Five years ago, Vanderbilt University invited Wolf and other medical ethicists to review its program after the university came under intense criticism from patient advocates and doctors for overstating the benefits and downplaying the risks involved with some fetal surgeries. (The university said it has addressed those concerns and that all fetal surgeries now are overseen by an oversight committee.)

Chiori Kaneko of Los Angeles had surgery to treat her twin fetuses last year at St. Joseph’s Women’s Hospital. Kaneko said she doesn’t recall anyone telling her that a woman died during the same surgery at that hospital. Kaneko gave birth to two healthy boys last November, but said she would like to have been informed about the previous case. “If I had been aware of all that, I would have probably decided to do the same thing, but I certainly would have given it more thought,” she said.

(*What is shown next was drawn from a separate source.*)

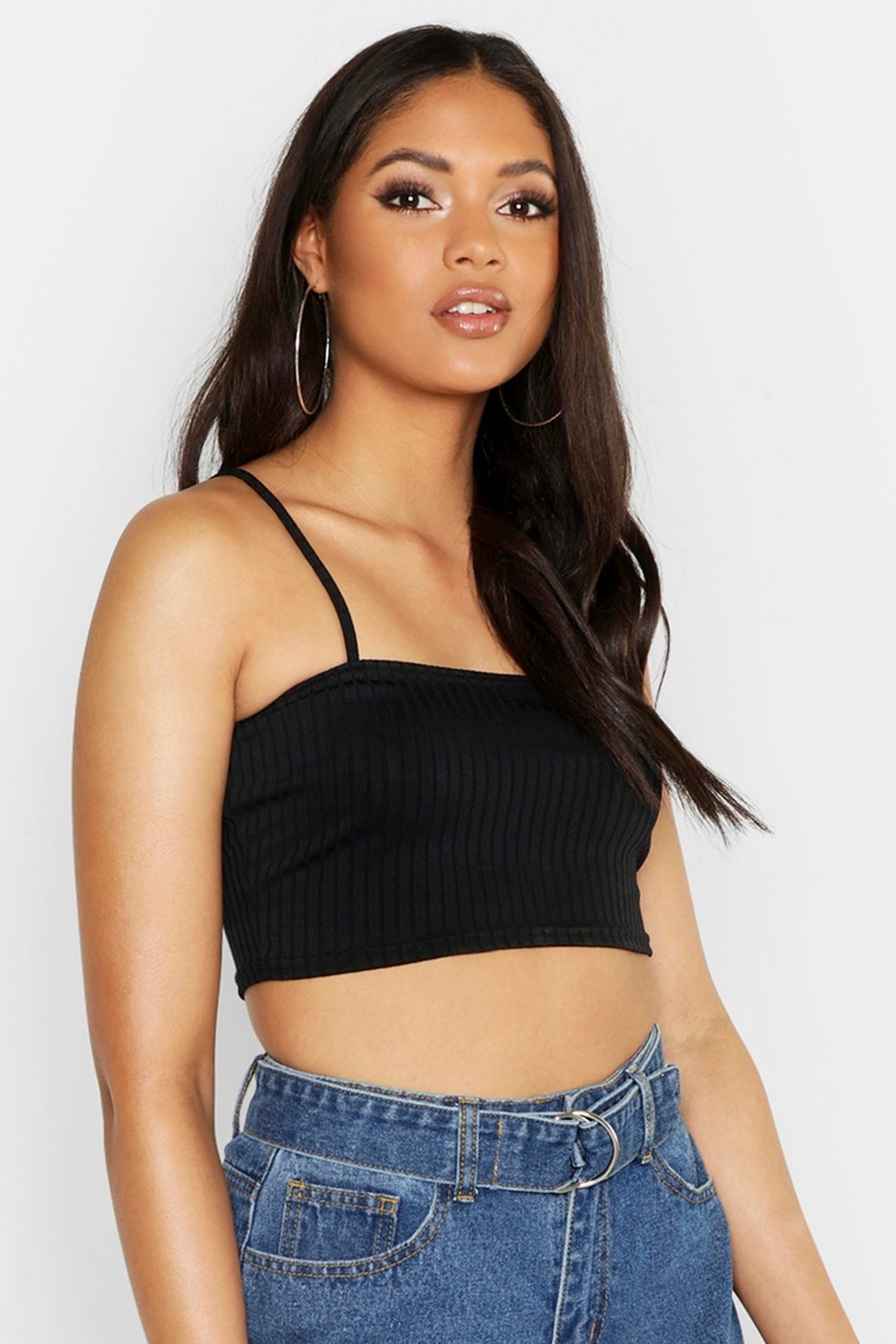 Tall Jumbo Rib One Shoulder Bralet | Boohoo.com (US & CA)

Dr. Ruben Quintero, who performed the surgery in which the Florida patient died in 2000 and Kaneko’s, said in an interview that the hospital informs all patients about the risks of surgery but doesn’t necessarily disclose the outcome of specific cases.

UC San Francisco’s Harrison acknowledges that critics of fetal surgery have some valid concerns. Nonetheless, he believes the procedures represent one of the most promising areas of medicine today: “The fact is, by the time a child is born the die has been cast. With this, we’re starting to change that.”